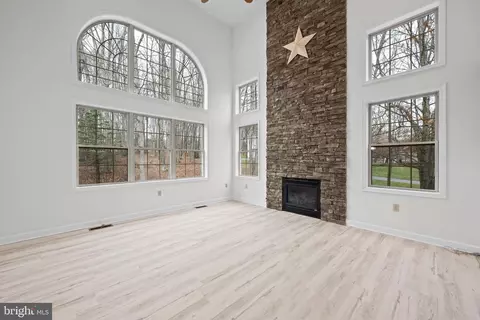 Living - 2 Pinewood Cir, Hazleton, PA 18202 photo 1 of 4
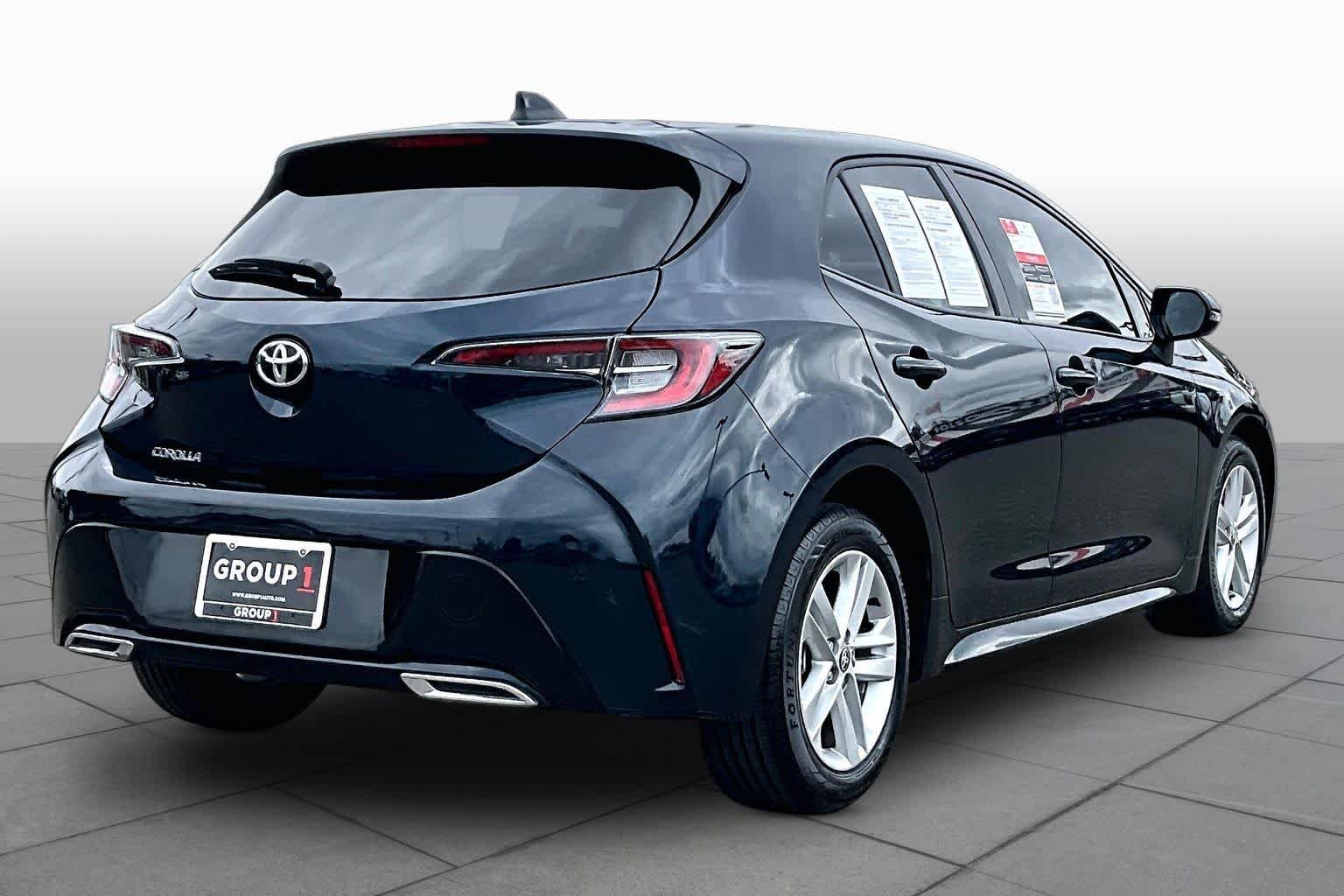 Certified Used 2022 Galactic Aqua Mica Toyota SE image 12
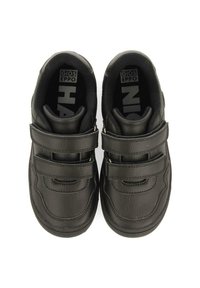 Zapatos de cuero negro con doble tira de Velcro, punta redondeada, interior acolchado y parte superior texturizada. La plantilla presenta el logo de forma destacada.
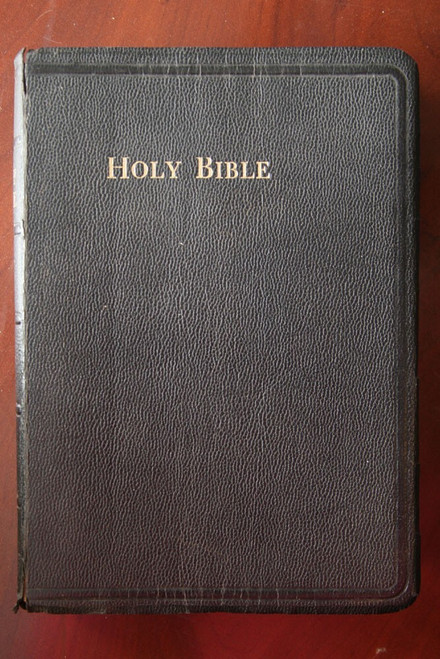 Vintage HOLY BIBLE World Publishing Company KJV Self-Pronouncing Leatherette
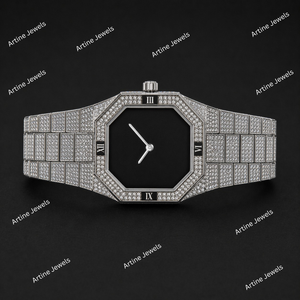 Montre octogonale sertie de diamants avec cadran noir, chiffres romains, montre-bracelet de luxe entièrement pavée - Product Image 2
--
All of the records above should be written out exactly, with the pictures left out.

**WRITTEN ANSWER**:
 Living - 2 Pinewood Cir, Hazleton, PA 18202 photo 1 of 4
 Certified Used 2022 Galactic Aqua Mica Toyota SE image 12
 Zapatos de cuero negro con doble tira de Velcro, punta redondeada, interior acolchado y parte superior texturizada. La plantilla presenta el logo de forma destacada.
 Vintage HOLY BIBLE World Publishing Company KJV Self-Pronouncing Leatherette
 Montre octogonale sertie de diamants avec cadran noir, chiffres romains, montre-bracelet de luxe entièrement pavée - Product Image 2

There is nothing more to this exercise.